*Data in this exercise:*
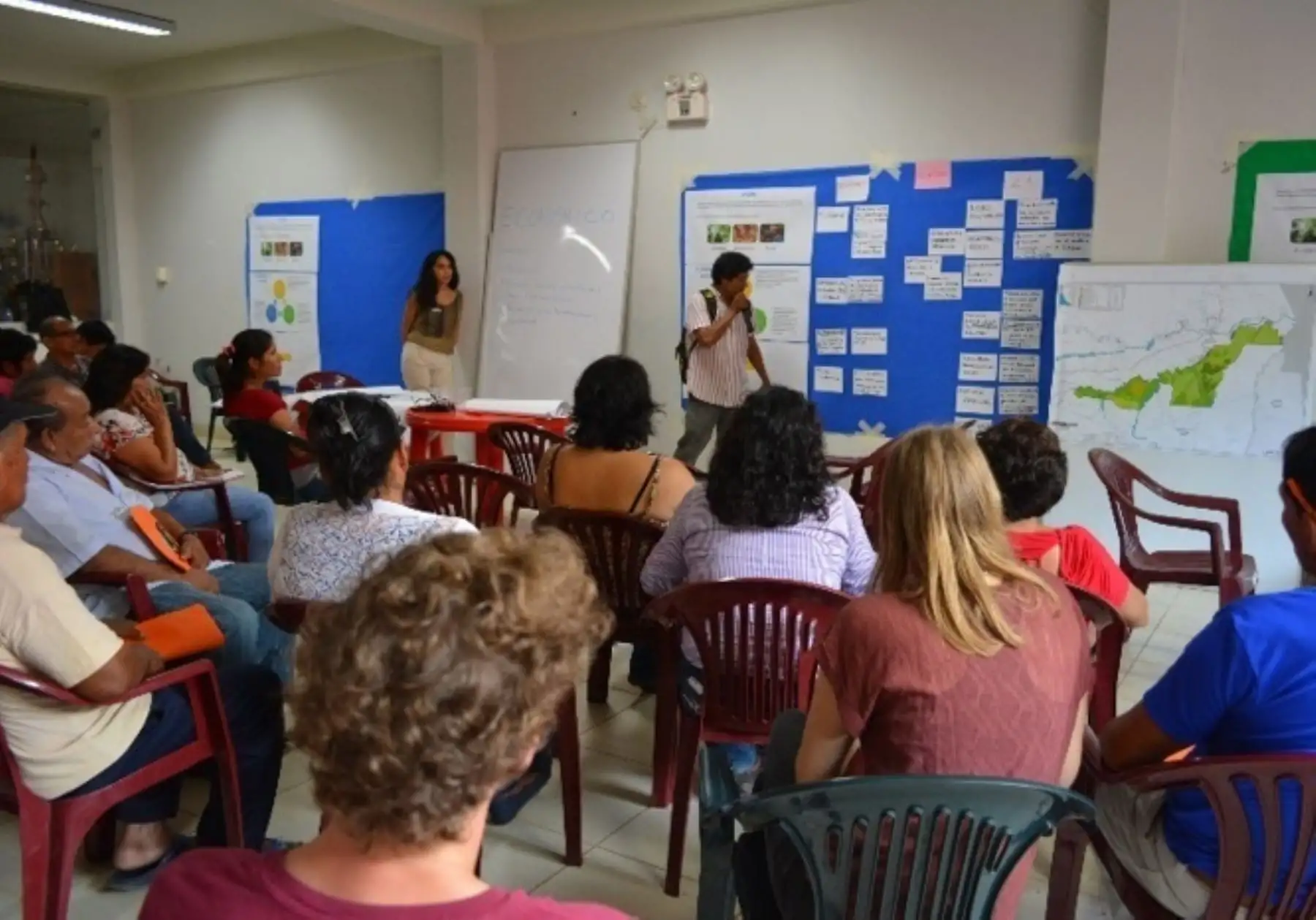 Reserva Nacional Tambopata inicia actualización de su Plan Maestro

---

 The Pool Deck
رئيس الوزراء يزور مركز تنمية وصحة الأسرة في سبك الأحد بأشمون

*To do:*
Starting at the line above that contains "The Pool Deck", repeat each line exactly up to and including the line that contains "رئيس الوزراء يزور", and stop there.

*Completed task:*
 The Pool Deck
رئيس الوزراء يزور مركز تنمية وصحة الأسرة في سبك الأحد بأشمون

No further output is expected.